From: Joel Fernandes <joel@joelfernandes.org>
To: Frederic Weisbecker <frederic@kernel.org>
Cc: rcu@vger.kernel.org, linux-kernel@vger.kernel.org,
rushikesh.s.kadam@intel.com, urezki@gmail.com,
neeraj.iitr10@gmail.com, paulmck@kernel.org, rostedt@goodmis.org,
vineeth@bitbyteword.org, boqun.feng@gmail.com
Subject: Re: [PATCH v5 06/18] rcu: Introduce call_rcu_lazy() API implementation
Date: Sat, 3 Sep 2022 22:00:29 +0000 [thread overview]
Message-ID: <YxPOfVMzRWEa7xqf@google.com> (raw)
In-Reply-To: <20220902152132.GA115525@lothringen>
On Fri, Sep 02, 2022 at 05:21:32PM +0200, Frederic Weisbecker wrote:
[..]
> > +
> > raw_spin_unlock_irqrestore(&rdp_gp->nocb_gp_lock, flags);
> >
> > trace_rcu_nocb_wake(rcu_state.name, rdp->cpu, reason);
> [...]
> > @@ -705,12 +816,21 @@ static void nocb_gp_wait(struct rcu_data *my_rdp)

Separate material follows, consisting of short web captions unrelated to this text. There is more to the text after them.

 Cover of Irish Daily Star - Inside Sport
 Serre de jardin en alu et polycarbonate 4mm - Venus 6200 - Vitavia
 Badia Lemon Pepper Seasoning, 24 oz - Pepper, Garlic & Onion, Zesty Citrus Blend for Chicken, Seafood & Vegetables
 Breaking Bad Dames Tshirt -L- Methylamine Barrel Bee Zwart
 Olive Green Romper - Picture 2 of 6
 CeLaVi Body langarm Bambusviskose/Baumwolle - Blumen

> > my_rdp->nocb_gp_gp = needwait_gp;
> > my_rdp->nocb_gp_seq = needwait_gp ? wait_gp_seq : 0;
> >
> > - if (bypass && !rcu_nocb_poll) {
> > - // At least one child with non-empty ->nocb_bypass, so set
> > - // timer in order to avoid stranding its callbacks.

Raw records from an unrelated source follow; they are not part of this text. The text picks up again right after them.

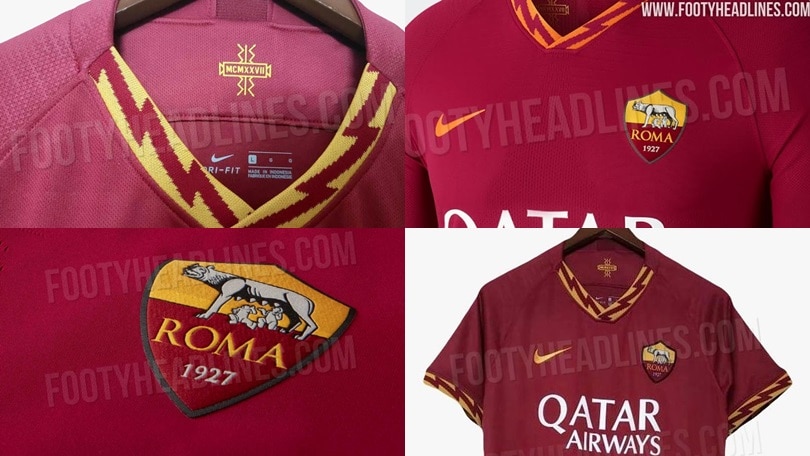 Roma, ecco altre immagini sulla nuova maglia: sarà così nella prossima stagione?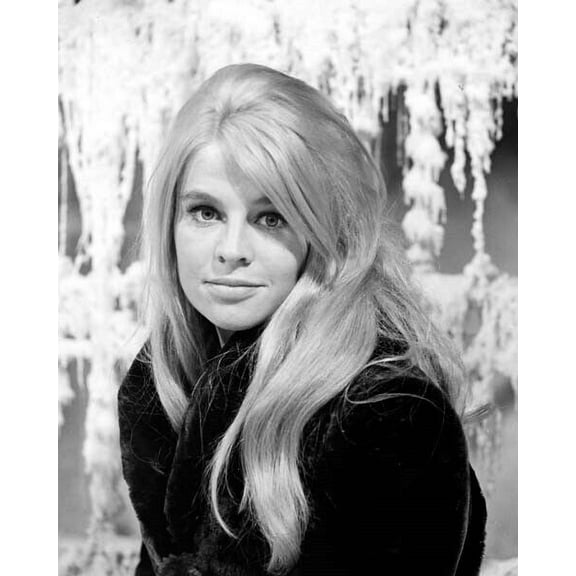 Julie Christie beautiful 1960's portrait in black sweater 8x10 inch photo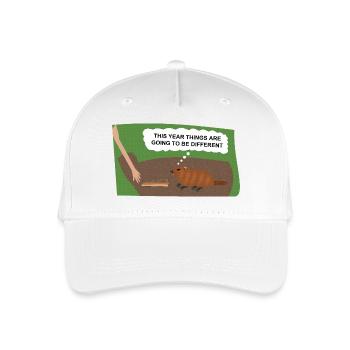 Evil Groundhog Gets Revenge - Organic Kids’ Baseball Cap - white - Front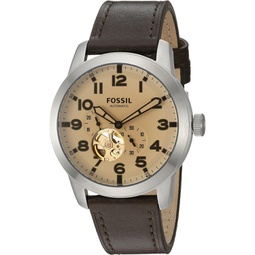 Fossil Mens ME3119 Pilot 54 Automatic Dark Brown Leather Watch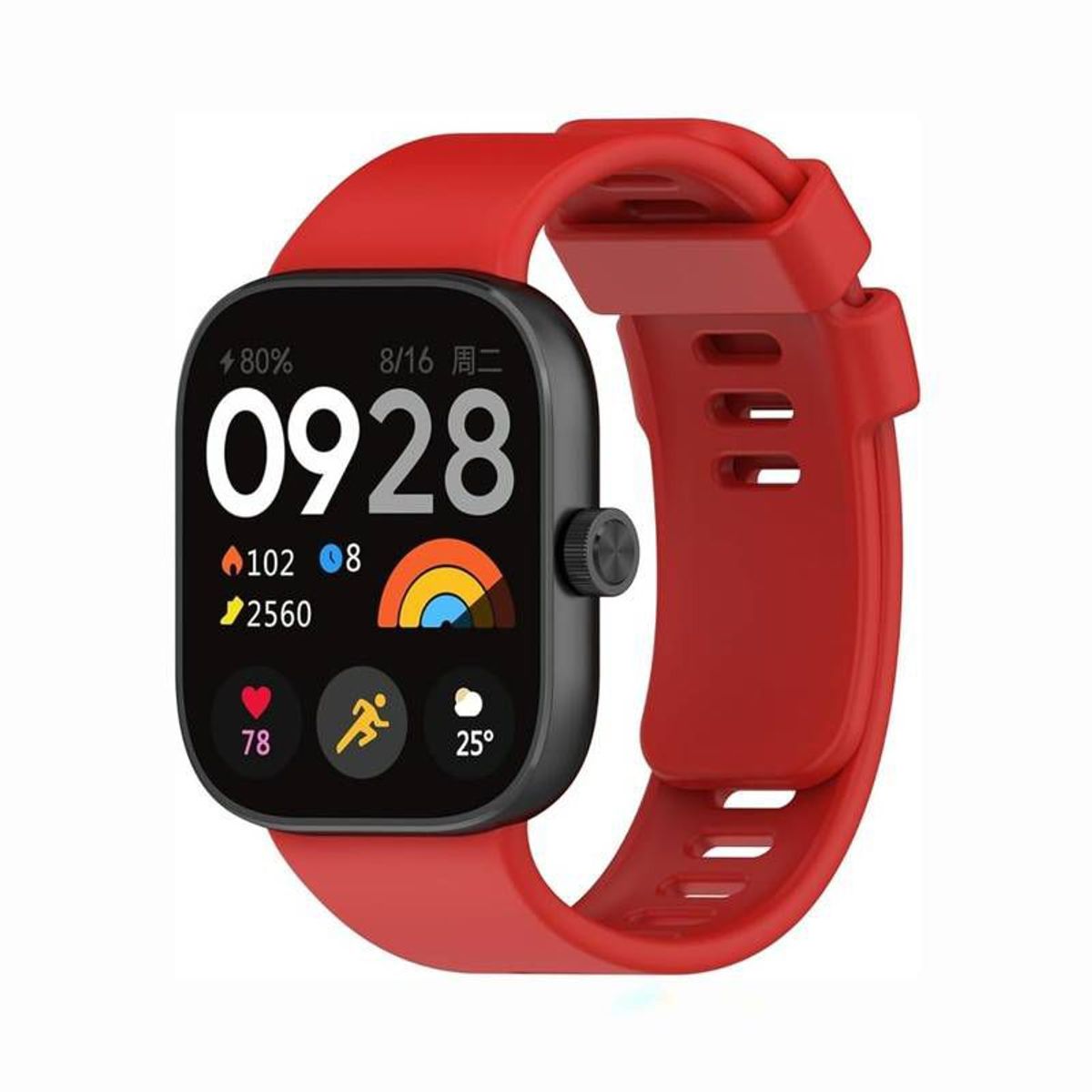 GENERICO - CORREA PARA REDMI WATCH 4 ROJO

> > - wake_nocb_gp_defer(my_rdp, RCU_NOCB_WAKE_BYPASS,
> > - TPS("WakeBypassIsDeferred"));
> > + // At least one child with non-empty ->nocb_bypass, so set
> > + // timer in order to avoid stranding its callbacks.
> > + if (!rcu_nocb_poll) {
> > + // If bypass list only has lazy CBs. Add a deferred
> > + // lazy wake up.
> > + if (lazy && !bypass) {
> > + wake_nocb_gp_defer(my_rdp, RCU_NOCB_WAKE_LAZY,
> > + TPS("WakeLazyIsDeferred"));
>
> What if:
>
> 1) rdp(1) has lazy callbacks
> 2) all other rdp's have no callback at all
> 3) nocb_gp_wait() runs through all rdp's, everything is handled, except for
> these lazy callbacks
> 4) It reaches the above path, ready to arm the RCU_NOCB_WAKE_LAZY timer,
> but it hasn't yet called wake_nocb_gp_defer()
> 5) Oh but rdp(2) queues a non-lazy callback. interrupts are disabled so it defers
> the wake up to nocb_gp_wait() with arming the timer in RCU_NOCB_WAKE.
> 6) nocb_gp_wait() finally calls wake_nocb_gp_defer() and override the timeout
> to several seconds ahead.
> 7) No more callbacks queued, the non-lazy callback will have to wait several
> seconds to complete.
>
> Or did I miss something? Note that the race exists with RCU_NOCB_WAKE_BYPASS
> but it's only about one jiffy delay, not seconds.
>
So I think the below patch should fix that. But I have not tested it at all
and it could very well have issues. In particular, there is a likelihood of a
wake up while holding a lock which I'm not sure is safe due to scheduler
locks. I'll test it next week. Let me know any thoughts though.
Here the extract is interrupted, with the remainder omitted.